Posts

3 Janji akan Harapan di Tengah Ketidakpastian

Oleh Ruth Lawrence
Artikel asli dalam bahasa Inggris: 3 Verses That Give Me Hope Amidst Uncertainty

Rasanya tidaklah berlebihan jika kita berkata tahun 2020 itu mengerikan. Jutaan orang di seluruh dunia merasakan dampak dari pandemi, entah mereka terinfeksi atau mengalami efek domino lainnya yang diakibatkan kebijakan-kebijakan untuk meredam laju penyebaran virus.

Kita semua pun mungkin sepakat bahwa tahun 2020 sangat tidak biasa—tahun yang dipenuhi dengan banyak kesulitan! Namun, jika seandainya pandemi Covid-19 tidak terjadi pun, kita tetap akan mengalami hari-hari yang buruk—rencana yang gagal, kehilangan, sakit, juga kesedihan.

Terlepas dari kesulitan yang mendera kita, satu hal lain yang pasti di dunia ini adalah ketidakpastian. Tidak ada yang tahu akan apa yang terjadi besok, sebagaimana kita pun tak tahu di Januari 2020 akan seperti apa pandemi ini merebak.

Ketidakpastian bukanlah keadaan yang nyaman. Aku tak suka mengalami kejutan. Aku ingin bisa mengendalikan sesuatu dan memprediksi keadaan. Tapi faktanya, aku tidak piawai dalam mengendalikan situasi yang tak terduga. Aku malah berpura-pura seolah itu tak pernah terjadi, seolah hidupku baik-baik saja. Tapi, aku mendapati bahwa itu bukanlah cara yang tepat untuk menghadapi ketidakpastian.

Seiring aku merefleksikan bagaimana caraku menanggapi dunia yang penuh ketidakpastian, aku menemukan tiga ayat yang mengandung janji Allah, yang menolong kita menemukan kedamaian dari-Nya:

1. Kuatkanlah hatimu, Aku telah mengalahkan dunia

“Semuanya itu Kukatakan kepadamu, supaya kamu beroleh damai sejahtera dalam Aku. Dalam dunia kamu menderita penganiayaan, tetapi kuatkanlah hatimu, Aku telah mengalahkan dunia” (Yohanes 16:33).

Tahun lalu, ketika aku sedang mempelajari Injil Yohanes, aku tersentak oleh diskusi antara Yesus dengan murid-murid-Nya menjelang waktu penyaliban. Yesus akan segera mengalami penderitaan yang tak terkatakan, tapi Dia masih meluangkan waktu untuk meyakinkan para murid dengan kata-kata-Nya yang penuh belas kasih.

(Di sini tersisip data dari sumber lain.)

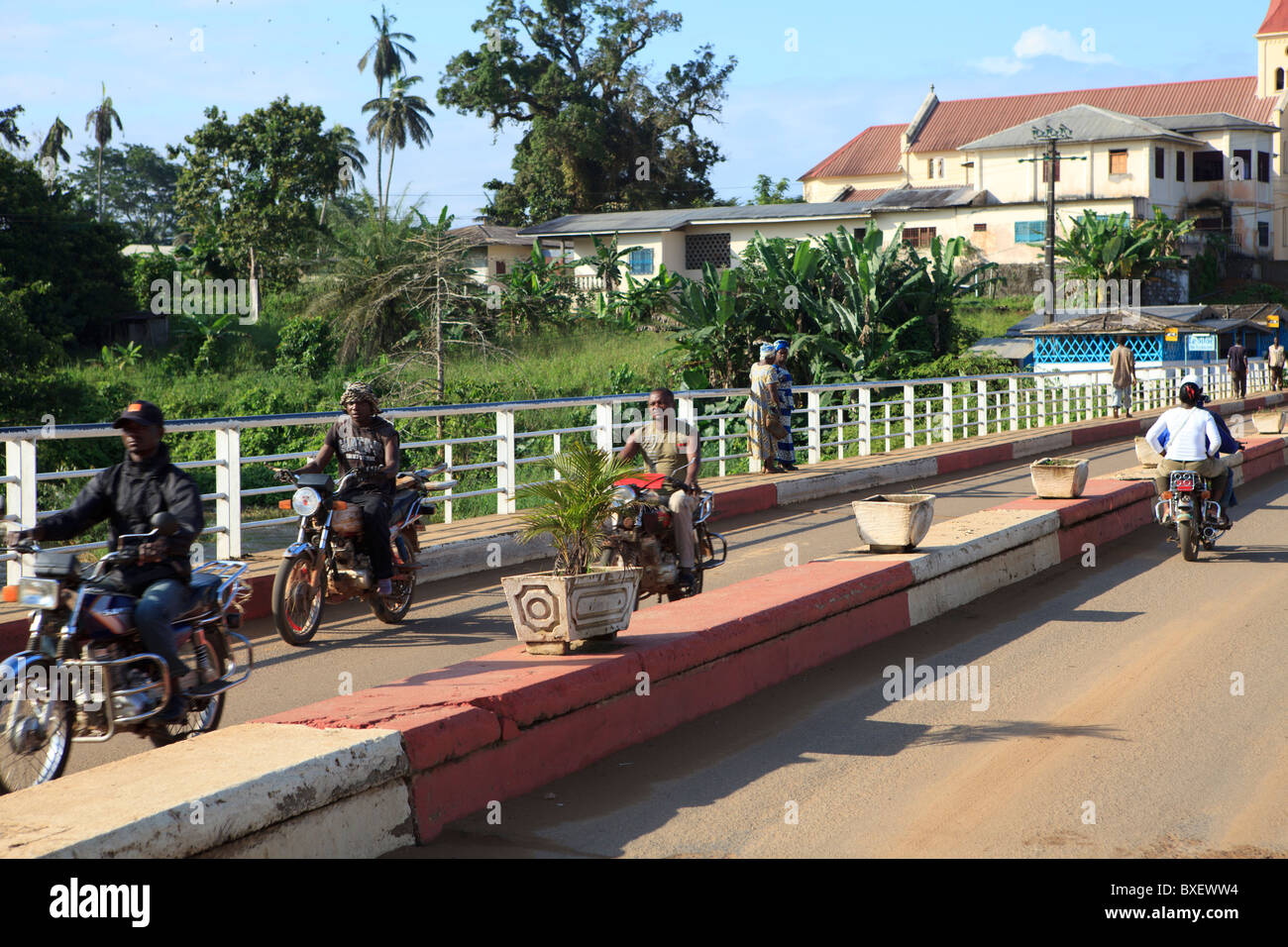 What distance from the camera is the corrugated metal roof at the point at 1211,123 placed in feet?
218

Yesus tidak berkata kalau hidup para murid akan mudah. Faktanya, Yesus berkata bahwa mereka (juga kita) akan menghadapi kesengsaraan. Hal-hal buruk terjadi sebagai bagian tak terpisahkan dari hidup, dan sebagai orang Kristen, kita telah diberi tahu bahwa kita akan mengalaminya. Namun, kita punya alasan untuk berharap karena Yesus berkata, “kuatkanlah hatimu”. Ketika hati kita menjadi kelu karena kita merasa tak mampu menghadapi penderitaan—entah itu kesepian, kesakitan, atau kehilangan—Yesus berkata, “Jangan patah arang, kuatkanlah hatimu, Aku telah mengalahkan dunia.

Dengan Yesus di sisi kita, kita dapat berdiri teguh meskipun gelombang besar mendera kita. Yesus adalah kawan yang tidak sekadar berjalan di samping kita, Dia turut merasakan apa yang kita rasakan. Dia bukanlah Allah yang jauh, yang tak mengerti bagaimana rasanya kehilangan seorang sahabat atau dikhianati. Dia turun ke dunia dan menghidupi kehidupan yang dipenuhi sukacita sekaligus juga kesakitan. Yesus mengerti keadaan kita karena Dia sendiri telah melaluinya sebelum kita.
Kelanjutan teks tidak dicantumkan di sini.